Von der Milch kann’s auch gewesen sein.
Meine Wangen fast glühend.
Glücklich war ich beim Melken. Was nicht bloß am Peter gelegen hat. Auch an der
frischen Luft und der vielen Zeit,
die ’s in den Bergen noch gibt.
Für die Liebe zum Geißenpeter macht sie alles. Die Frau, deren größte Nebenbuhlerin eine Ziege ist. Eine bedingungslose Liebe, die sie verteidigt bis auf’s Blut. Geneidet wird ihr dieses Glück der uneingeschränkten Hingabe von den Nachbarn mit dem Schreikind, der unglücklichen Frau des Polizisten und der Freundin Clara, deren Vater gerade in regem Austausch mit dem Sensemann steht.

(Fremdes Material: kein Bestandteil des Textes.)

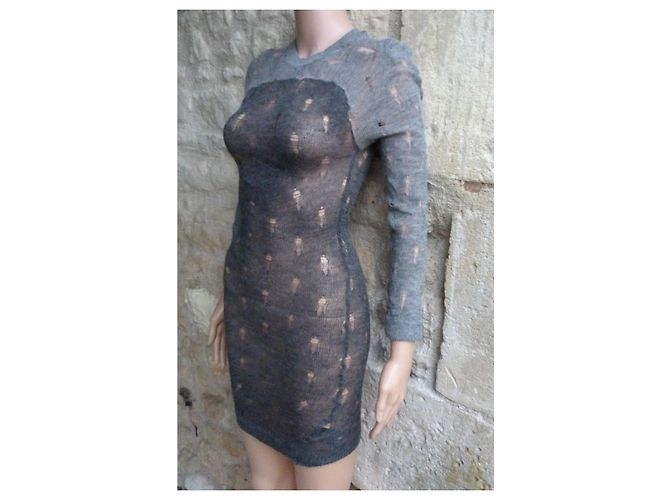 Isabel Marant Omaya Strickkleid aus Wolle Grau - Ansicht 3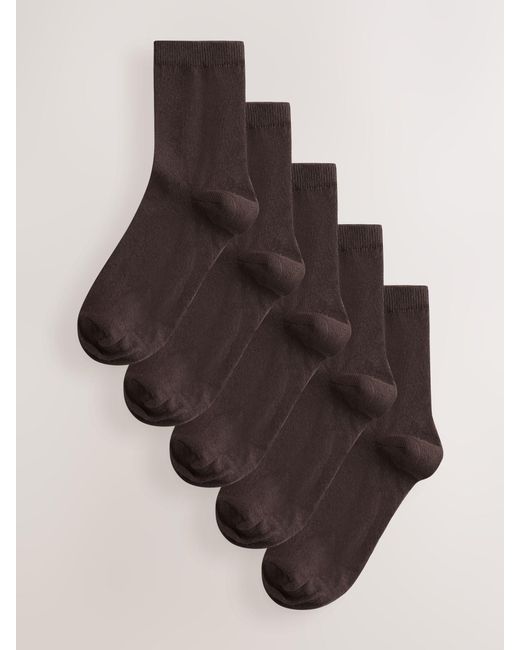 Next Brown Basic Ankle Socks Five Pack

All diese Figuren und ein verliebter Polizist treffen aufeinander. Sie dringen ein in die Zurückgezogenheit der Frau, die sich eins mit Heidi glaubt. Die in ihrem Streben nach Höherem der Wirklichkeit entflieht. Die sich, befreit von irdischer Last, der unerwiderten Liebe zum Peter hingibt. Für die das Paradies hoch oben in den Bergen liegt und die in behaupteter Selbstverstümmelung einen Abgesang auf die Weiblichkeit ertönen lässt.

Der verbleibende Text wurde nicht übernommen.